Elisabeth Reichart is one of the most important and provocative writers to emerge from postwar Austria. This book includes a translation of La Valse, a collection of short stories in which Reichart directs her critical gaze at the hidden power struggles and unacknowledged hierarchies that dehumanize interpersonal relations. In the title story, the narrator, raped as a child by her father, spins wildly to Ravel's "La Valse" until she falls from dizziness, suggesting the will to escape patriarchal abuse, but also the difficulty of such an attempt. Each of the subsequent stories follows the movements of a waltz gone brutally awry.

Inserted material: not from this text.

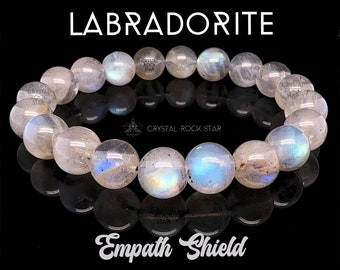 Labradorite Crystal Stretch Bracelet, Chakra Balancing Gems, Empath Protection, 10mm Blue Flash, 6.5" A Grade Beads, Gift for Empaths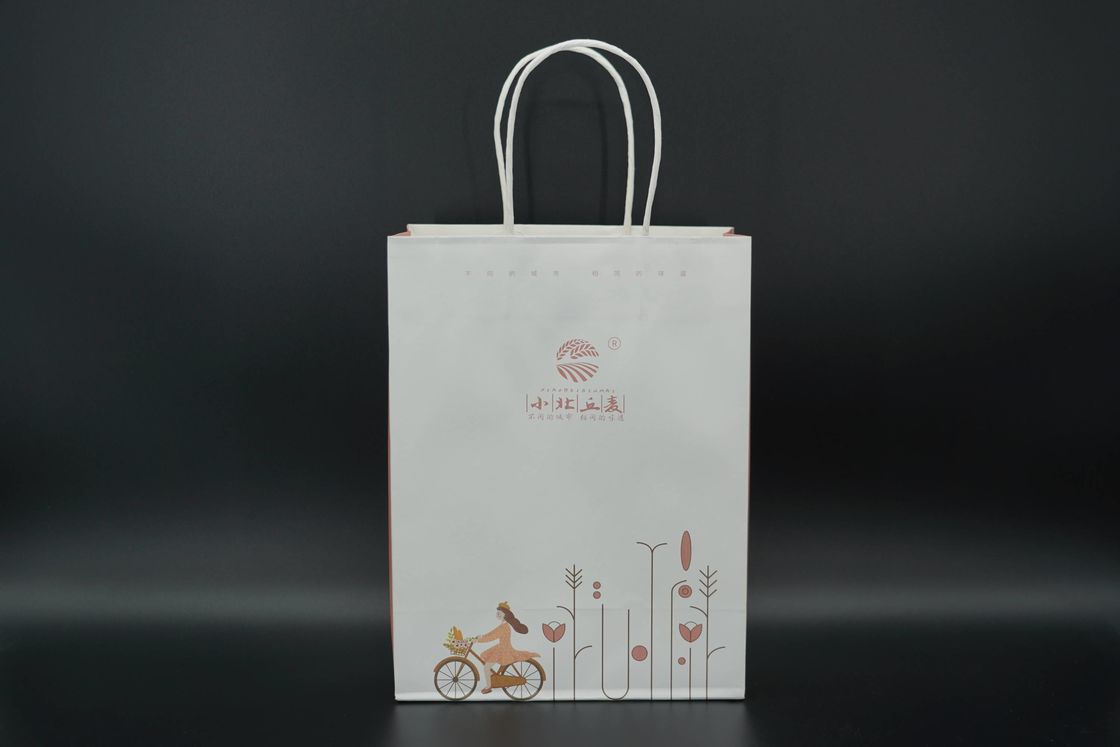 Customized Personalized Paper Bags White Kraft Bags With Handles Twisted FSC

Also offered here is Foreign, Reichart's first stage piece which dramatizes the struggles of a woman who refused to fall silent, who continued to write in the face of complete powerlessness. The work is based on the historical figure Helene von Druskowitz, a female Wunderkind, who wrote prolifically, usually under a pseudonym, one of which was "Foreign." A classic example of the "madwoman in the attic," her genius earned her not recognition but internment in an insane asylum, where she remained until her death twenty-seven years later.Elisabeth Reichart was born in 1953 near Linz in Upper Austria. She became instantly well known upon publication of her bestselling first novel, Februarschatten (1984; translated in 1985 as February Shadows). Since then, she has written numerous novels, short stories, and dramatic works, and has received many of Austria's most prestigious literary prizes, including most recently the Musil-Stipendium and the Würdigungspreis.
Linda C. DeMeritt is Professor of German in the Department of Modern and Classical Languages at Allegheny College. She is the author of German Grammar and New Subjectivity and Prose Forms of Alienation: Peter Handke and Botho Strauss.